Жаль, что проект не был осуществлен, начавшаяся Первая мировая война внесла свои коррективы в работу: мраморный иконостас погиб при транспортировке из Италии.
Но все же, трудно не согласиться с тем, что эти две постройки — «„Марфа“ и Троицкий собор — очень близки между собой, более того, они имеют особую „родственную“ связь, не позволяющую рассматривать один проект без постоянной оглядки на другой. Здесь окончательно сформировались творческие воззрения Щусева на архитектуру храма, а сложный и напряженный путь Нестерова в религиозном искусстве нашел свое завершающее воплощение в его последних, по сути, росписях и иконах»[251].
Нельзя не принять во внимание общий трагический фон, сопутствующий совместным проектам Щусева и Нестерова. О печальной судьбе основательницы Марфо-Мариинской обители мы уже писали, интерьер Троицкого собора в Сумах не был создан по причине грянувшей войны, и даже третья и последняя совместная работа зодчего и художника также окрашена в мрачные тона, причем буквально.
Мы имеем в виду надгробие на могиле Петра Столыпина, завещавшего похоронить себя в том городе, где он примет смерть. Выполняя волю покойного, император Николай II повелел предать его земле в Киево-Печерской лавре. В 1912 году Щусев разработал проект этого надгробия, представлявший собой массивный мраморный крест на ступенчатом основании. В центре креста предполагалось поместить мозаичную композицию Нестерова на тему «Воскресение». Крест был установлен почти сразу же, а вот работы по изготовлению мозаики затянулись, хотя она и выражала основную суть сооружения.
В итоге в 1913 году Щусев создал новый проект надгробия в псевдовизантийском стиле, в котором массивный крест с мозаикой возвышался на пьедестале под киворием из белого мрамора и был придвинут к стене трапезной церкви, располагаясь, таким образом, между могилой Столыпина и находящимися рядом могилами Кочубея и Искры. Этот вариант создал «композиционную и символическую взаимосвязь между ними»[252].

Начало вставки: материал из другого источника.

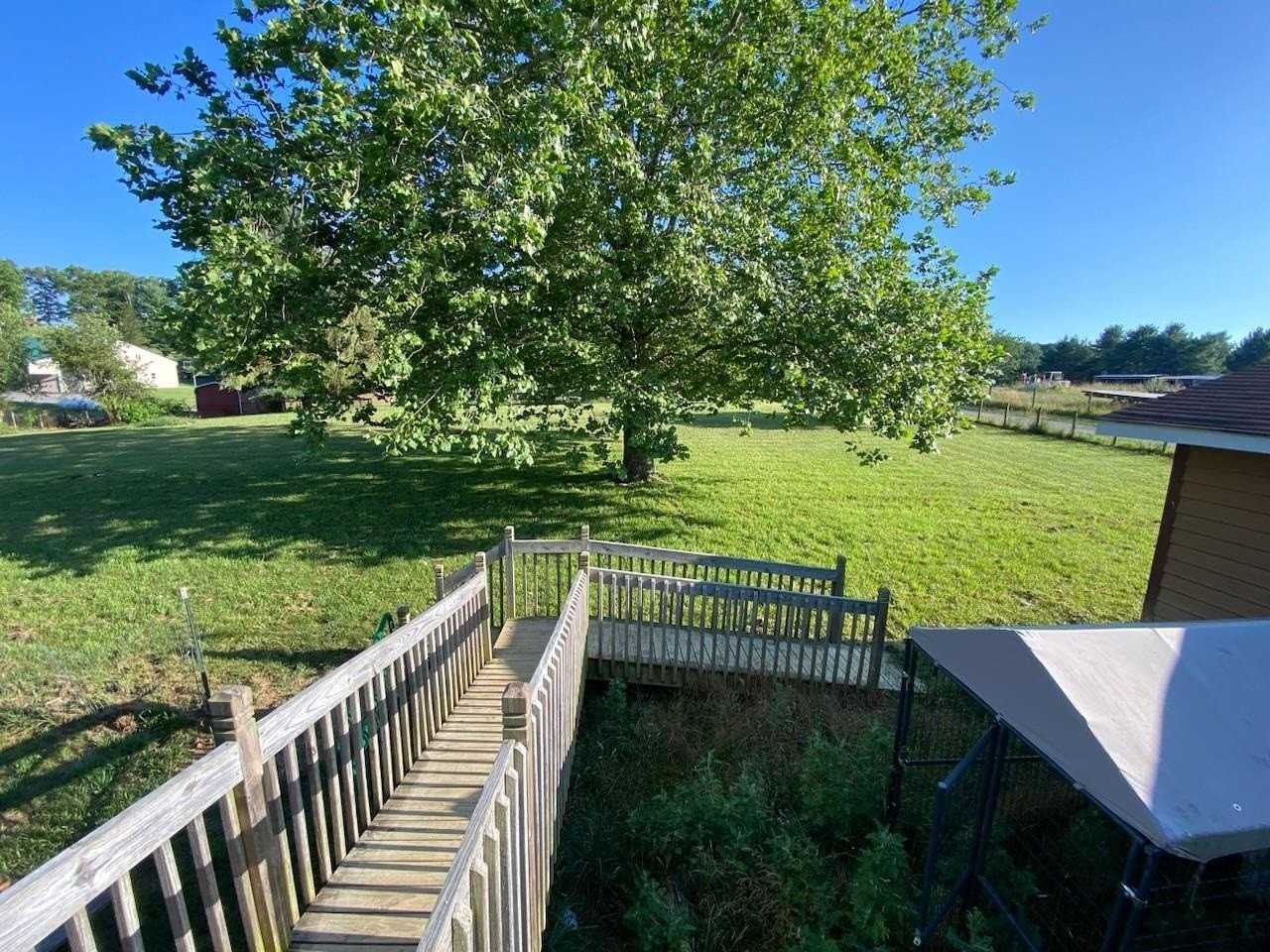 1819 Bishop Rd - Photo 7 of 35
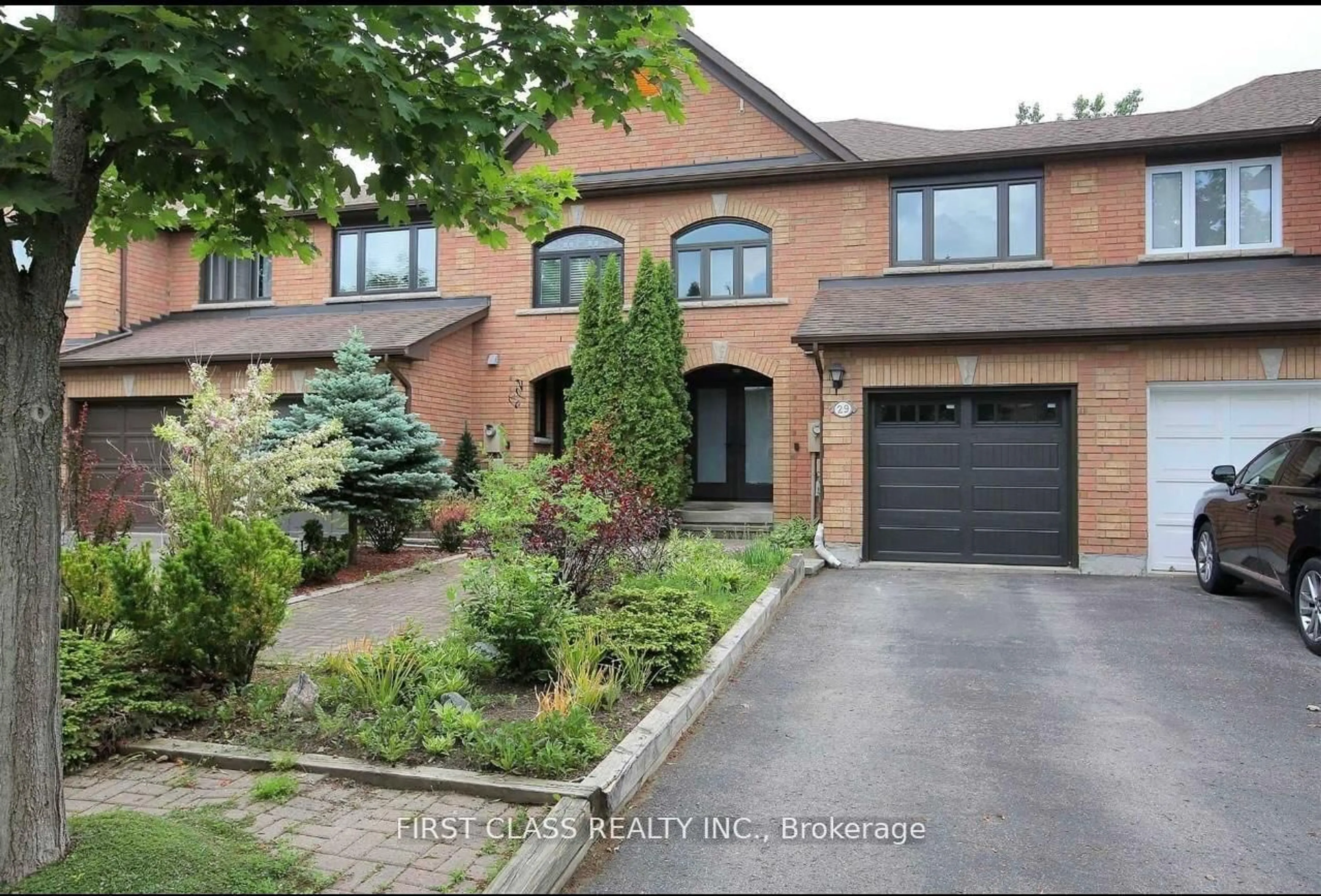 Home with brick exterior material, street for 29 Mistleflower Crt, Richmond Hill Ontario L4E 3T9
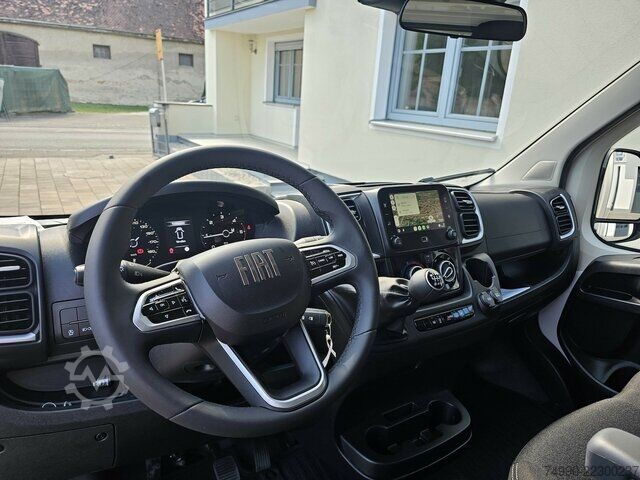 Varevogn Fiat Ducato MAXI 35 180 Koffer L:4,9 H:2,3 LED Kam.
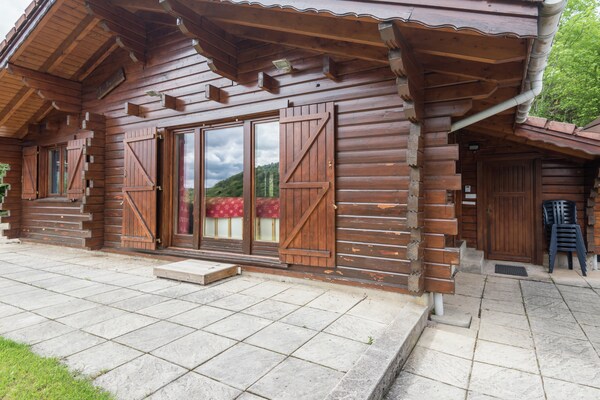 Zonnig chalet aan bosrand La Bresse met uitzicht op de Moselotte - thumbnail 1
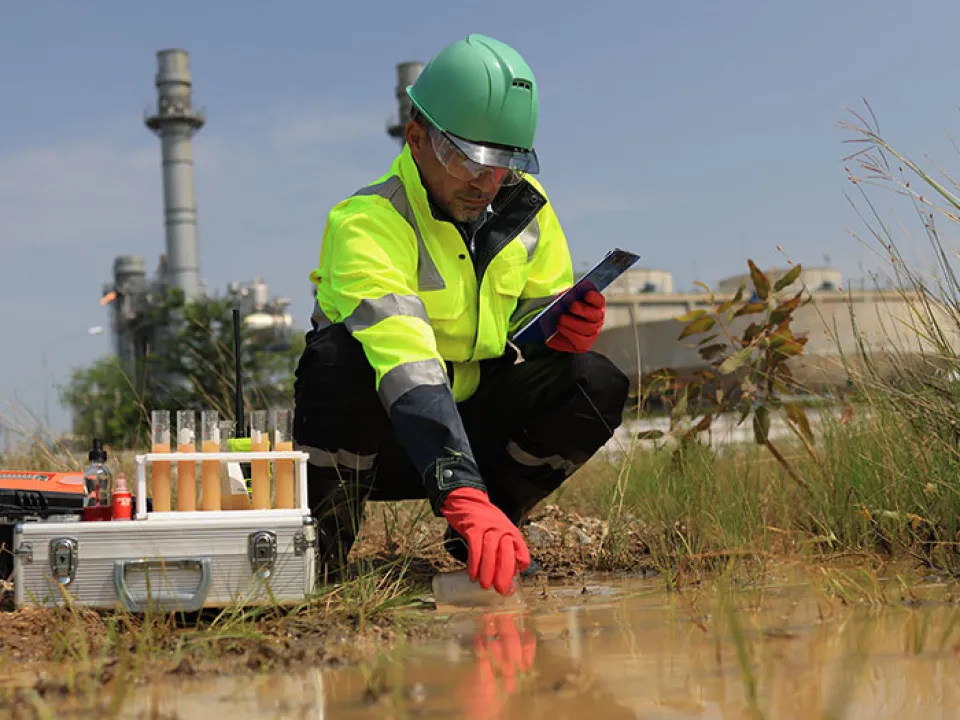 Phlebotomist drawing a blood lead sample from a construction worker at an ICA clinic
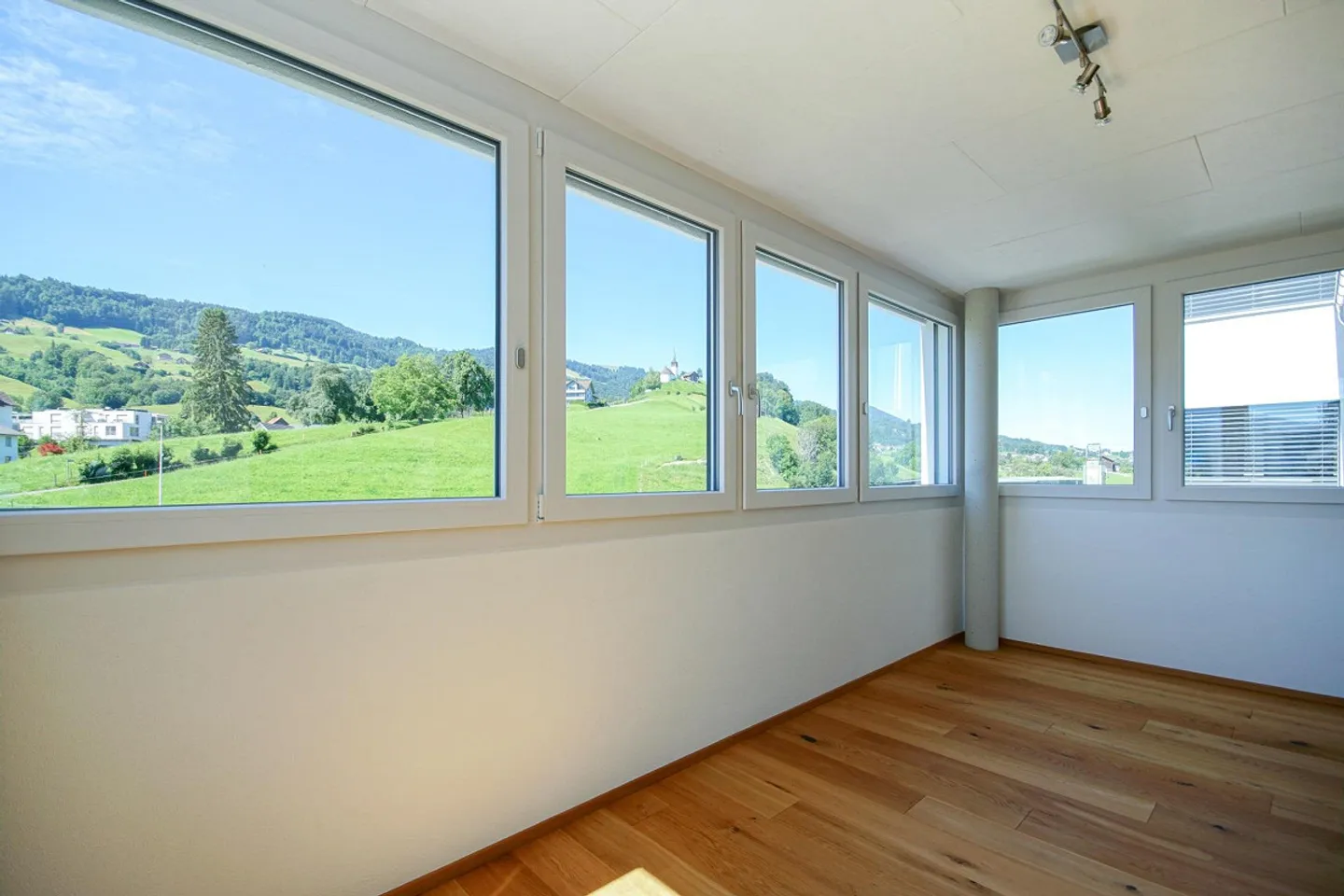 Einzigartiges Homeoffice mit Terrasse - Foto 5 von 13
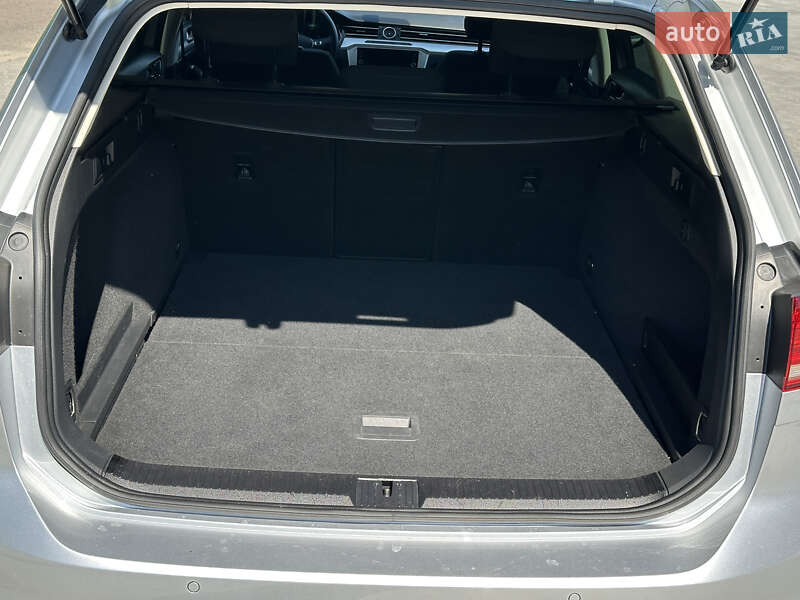 Универсал Volkswagen Passat 2018 в Дубно фото 46 Универсал Volkswagen Passat 2018 в Дубно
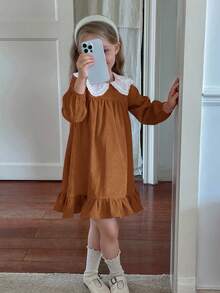 Emery Rose Kids Emery Rose Kids 女童灯芯绒拼接蕾丝彼得潘领长袖连衣裙，修身休闲A字连衣裙，秋冬新品，适合女童日常穿着、上学、秋冬季返校季。女童冬装，日常上学穿着，生日礼服，公主风服装。 - 鏽棕色 - 查看 7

Закончил работу над будущей мозаикой и Нестеров, теперь ее предстояло набрать в знаменитой мозаичной мастерской Владимира Фролова в Петербурге. Однако реализации второго варианта надгробия Столыпину вновь помешала война и последующие за ней события. Набранная нестеровская мозаика осталась в Петербурге. А на могиле Столыпина остался стоять первый щусевский крест, пока в 1960-х годах он не был демонтирован. Ныне крест вновь на своем месте.
Так прервалось плодотворное сотрудничество двух больших русских художников. Щусев, правда, с радостью взялся бы и за осуществление еще одного замысла — выстроить в Уфе музей самого Нестерова: «Сейчас мои мечты — создать музей в Уфе. Для этого у меня имеется свободная земля. Стоит только вырубить часть нашего сада, что выходит на Губернаторскую улицу, вот и готово место для музея в самом центре города. Щусев, совсем еще молодой, обещает начертить проект музея. Я тоже пытаюсь что-то себе представить „архитектурно“. Музей предполагает быть наполненным собранием картин, этюдов, скульптуры, полученных мною в подарок или в обмен от моих друзей и современников. Я мечтаю, что когда музей будет готов, открыт — поднести его в дар городу Уфе»[253].
Но и музей Нестерова Щусеву выстроить не пришлось. Опять же по причине грянувшей войны и революции. Музей открылся в Уфе лишь в 1920 году.